--- Material supplied ---
•••••

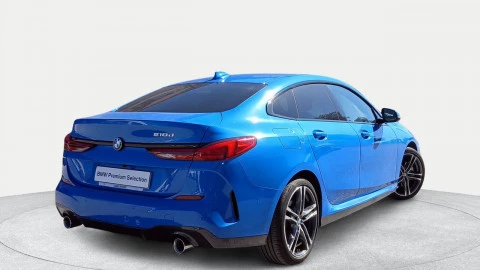 BMW Serie 2 218dA Gran Coupe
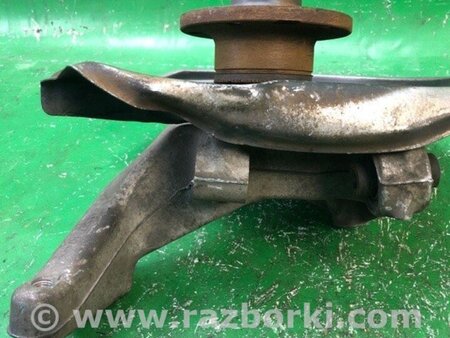 ФОТО Цапфа для Volkswagen Passat CC (01.2012-12.2016) Київ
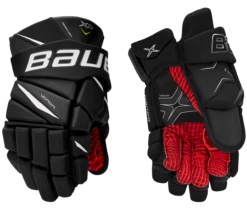 Bauer Vapor X2.9 Senior Hockey Gloves 8 Bauer Vapor X2.9 Senior Hockey Gloves -Hockey Sale Shop 661488 BKW 01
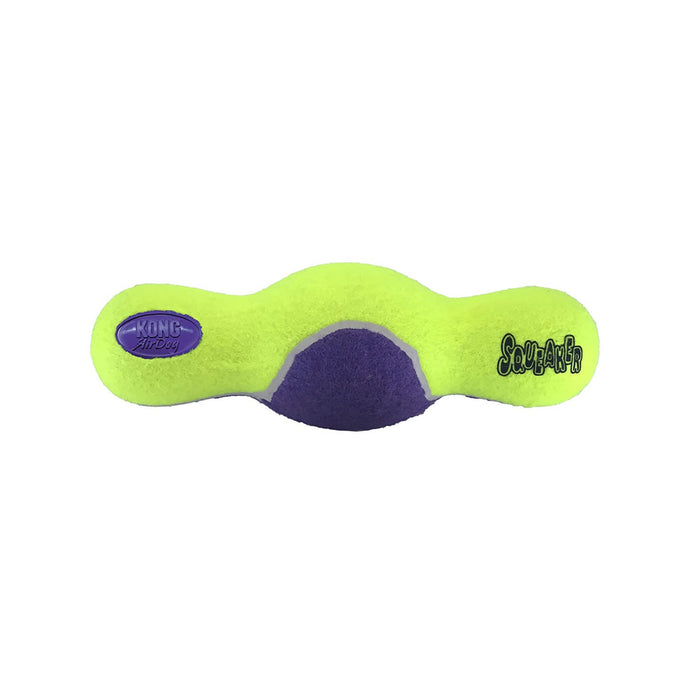 Kong Airdog Squeaker Roller - Ashurst Equestrian & Country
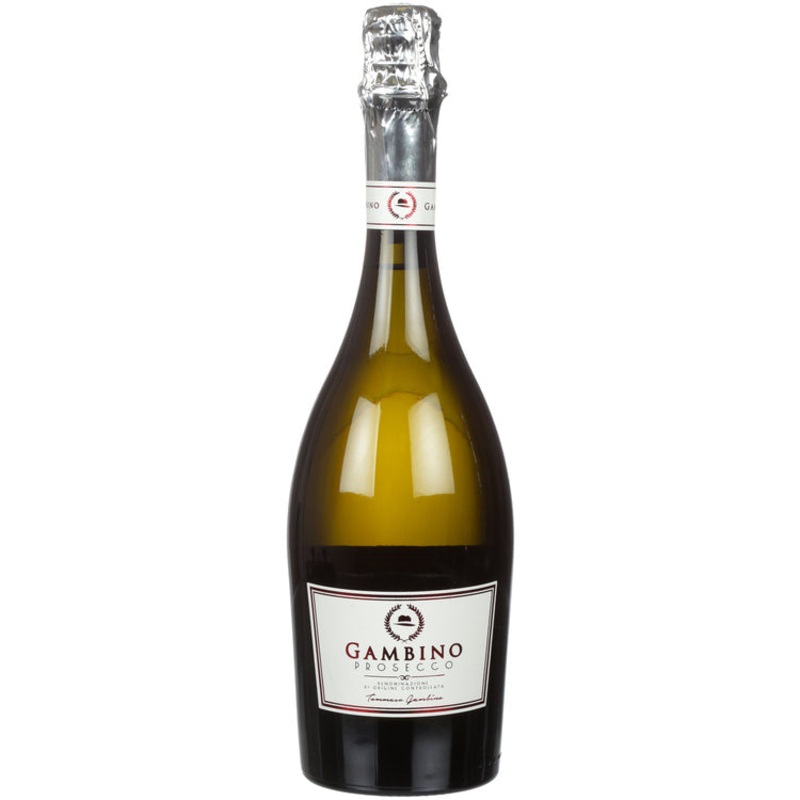 Gambino Prosecco Extra Dry 750ML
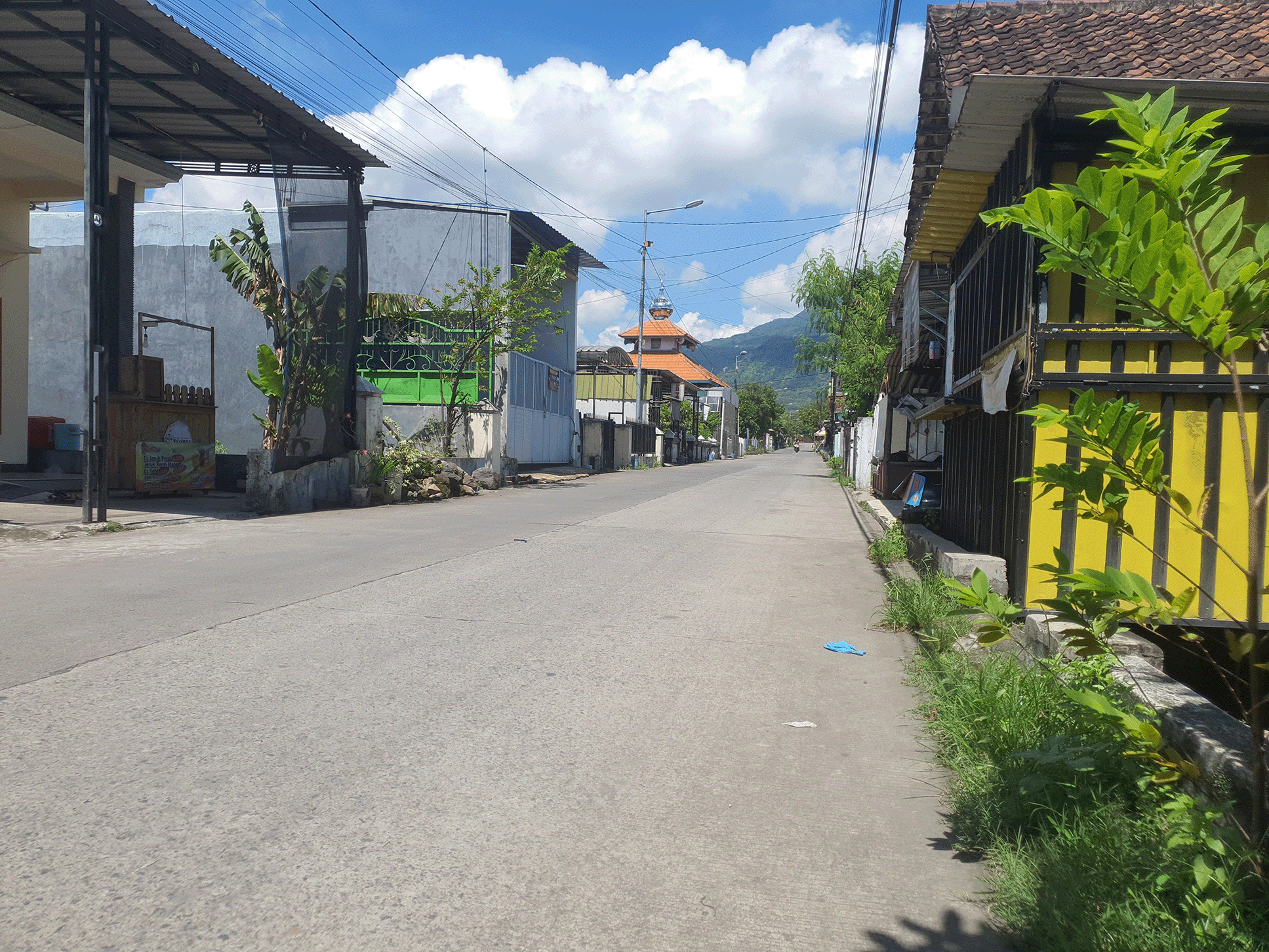 Dusun Glatik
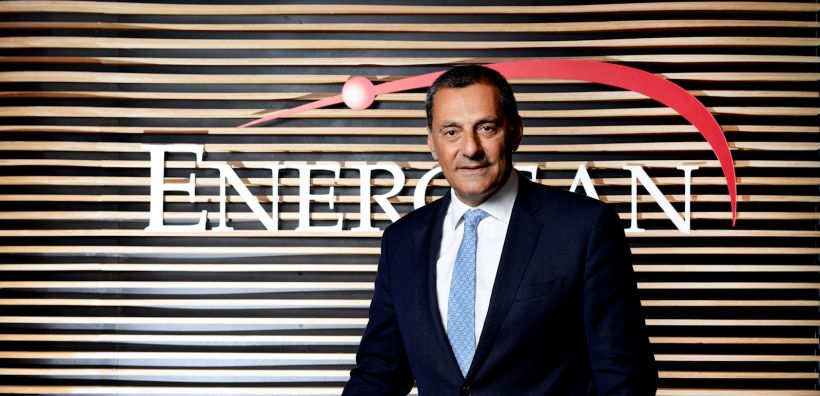 Τη δέσμευση και εμπιστοσύνη της Energean στη Δ. Αφρική υπογράμμισε ο Μ. Ρήγας - «Αναπτύσσουμε την αγορά, αυξάνοντας τις εξαγωγές»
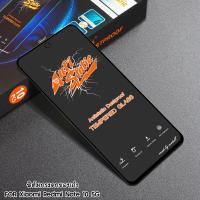 ราคา ฟิล์มกระจก ฟิล์มไฮโดรเจล For Xiaomi Redmi Note 10 5G เต็มจอ กาวเต็มแผ่น พร้อมส่ง (19370010565)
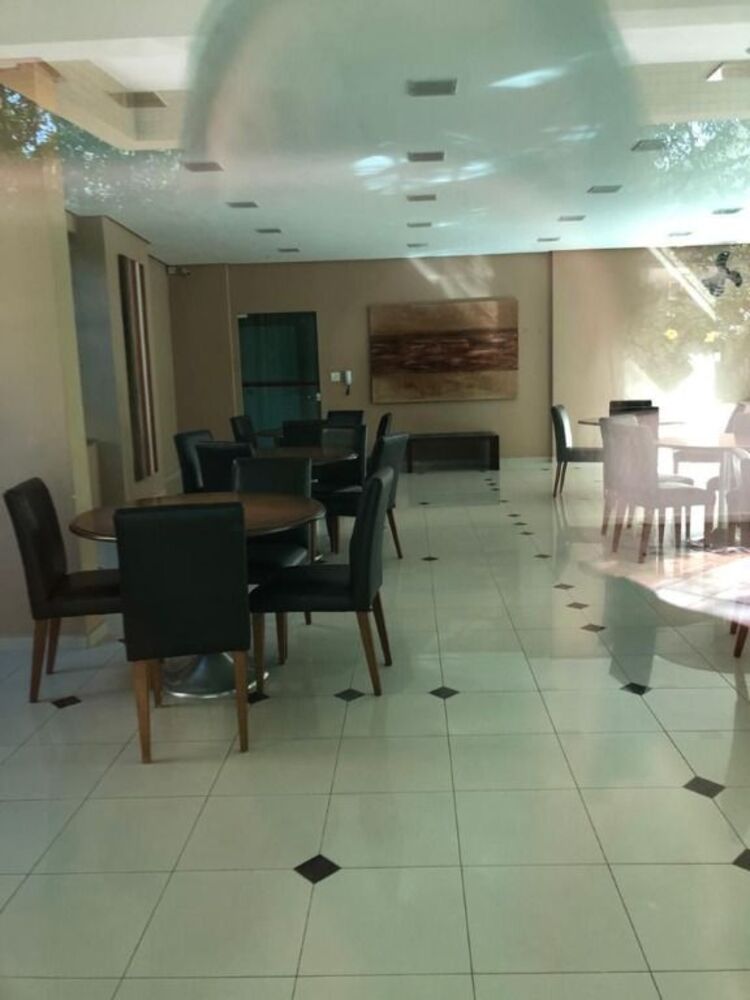 Apartamento à venda com 3 quartos, 133m² - Foto 11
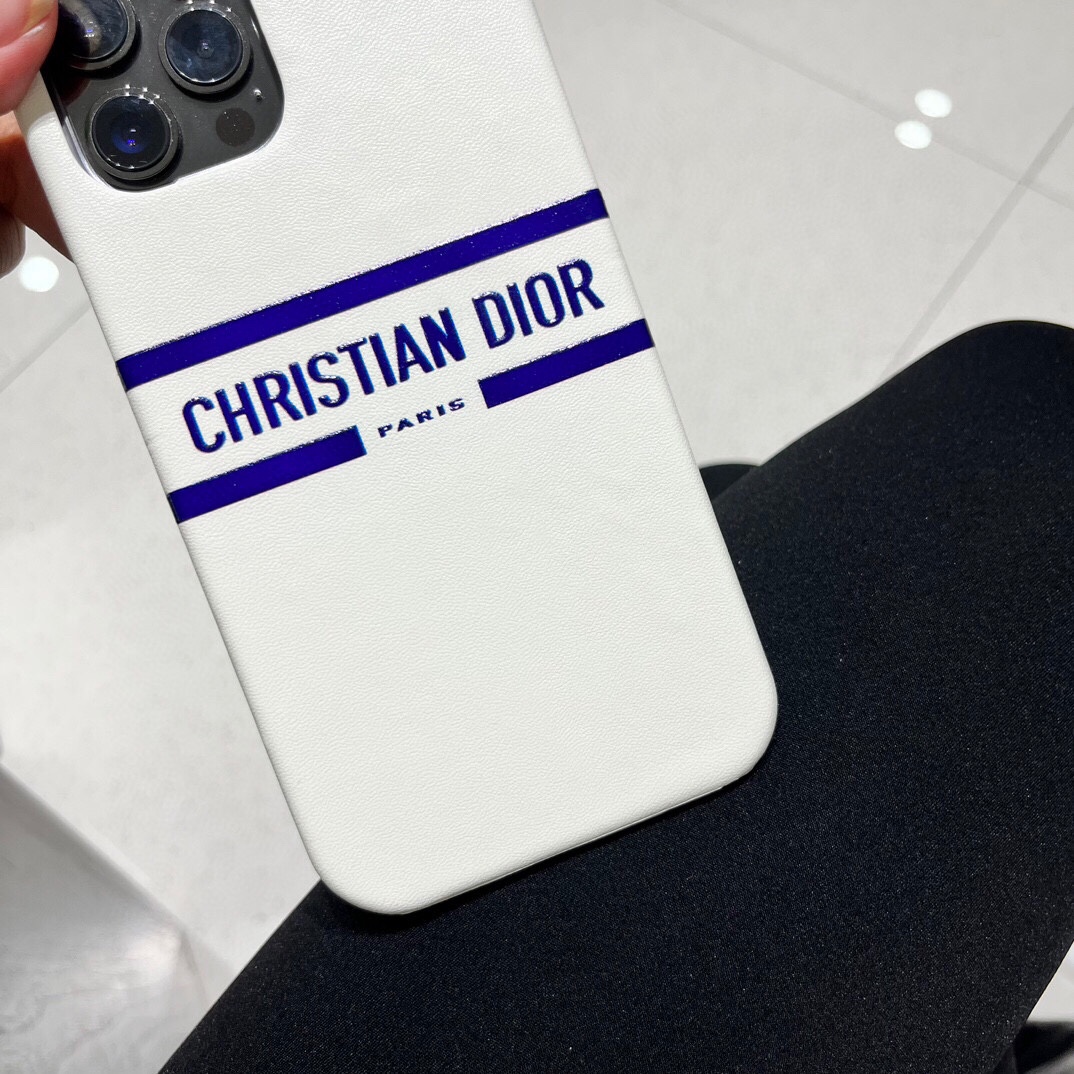 ️迪奥Dior手机壳官网同款Dior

•••••

--- Try it ---
Leave out the pictures and return, exactly as written, only the lines from the line with "Τη δέσμευση και" through the end of the records above.

--- Worked solution ---
 Τη δέσμευση και εμπιστοσύνη της Energean στη Δ. Αφρική υπογράμμισε ο Μ. Ρήγας - «Αναπτύσσουμε την αγορά, αυξάνοντας τις εξαγωγές»
 ราคา ฟิล์มกระจก ฟิล์มไฮโดรเจล For Xiaomi Redmi Note 10 5G เต็มจอ กาวเต็มแผ่น พร้อมส่ง (19370010565)
 Apartamento à venda com 3 quartos, 133m² - Foto 11
 ️迪奥Dior手机壳官网同款Dior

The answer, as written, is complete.